Frequently Asked Questions

What is the IUPAC name of ethyl (Z)-3-(4-methoxy-2-methylphenyl)-2-nitroprop-2-enoate?
The IUPAC name of ethyl (Z)-3-(4-methoxy-2-methylphenyl)-2-nitroprop-2-enoate (CID 11043669) is ethyl (Z)-3-(4-methoxy-2-methylphenyl)-2-nitroprop-2-enoate.
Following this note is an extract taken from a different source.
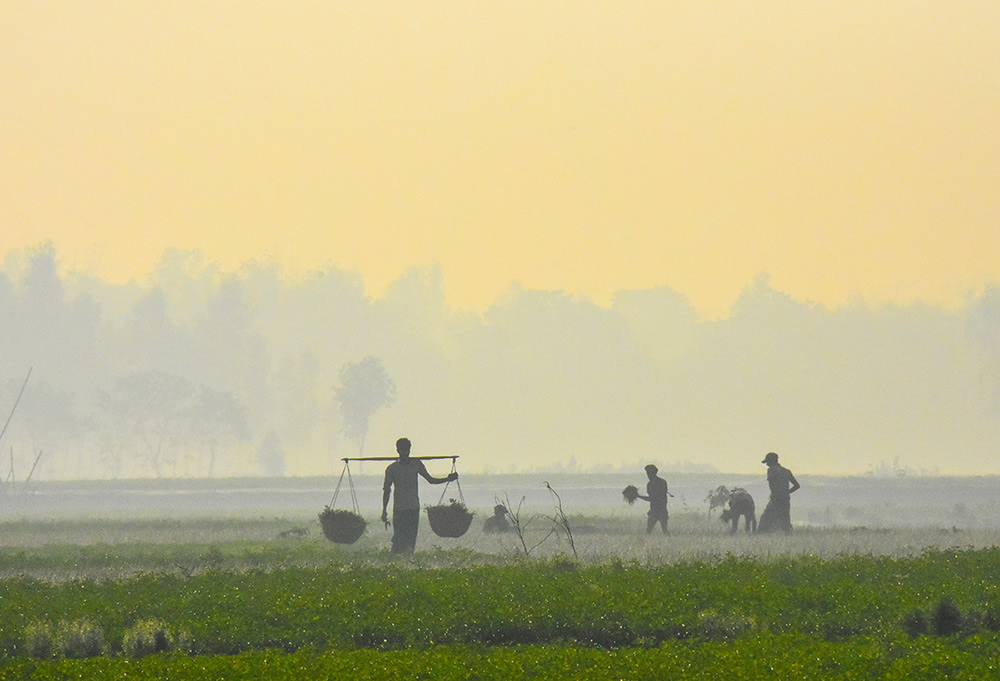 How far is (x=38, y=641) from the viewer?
22.1 meters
What is the SMILES notation for ethyl (Z)-3-(4-methoxy-2-methylphenyl)-2-nitroprop-2-enoate?
The canonical SMILES for ethyl (Z)-3-(4-methoxy-2-methylphenyl)-2-nitroprop-2-enoate is CCOC(=O)/C(=C/c1ccc(OC)cc1C)[N+](=O)[O-].
What is the InChIKey of ethyl (Z)-3-(4-methoxy-2-methylphenyl)-2-nitroprop-2-enoate?
The InChIKey is DPJQCZOKNUHAJA-WQLSENKSSA-N. The full InChI is InChI=1S/C13H15NO5/c1-4-19-13(15)12(14(16)17)8-10-5-6-11(18-3)7-9(10)2/h5-8H,4H2,1-3H3/b12-8-.
What are the key properties of ethyl (Z)-3-(4-methoxy-2-methylphenyl)-2-nitroprop-2-enoate?
ethyl (Z)-3-(4-methoxy-2-methylphenyl)-2-nitroprop-2-enoate has a molecular weight of 265.26 g/mol, XLogP of 2.18, 5 rotatable bonds, 0 hydrogen bond donors, and 5 hydrogen bond acceptors.
Where does this data come from?
All data for ethyl (Z)-3-(4-methoxy-2-methylphenyl)-2-nitroprop-2-enoate is sourced from PubChem (CID 11043669), the world's largest open chemistry database maintained by the National Library of Medicine (NIH).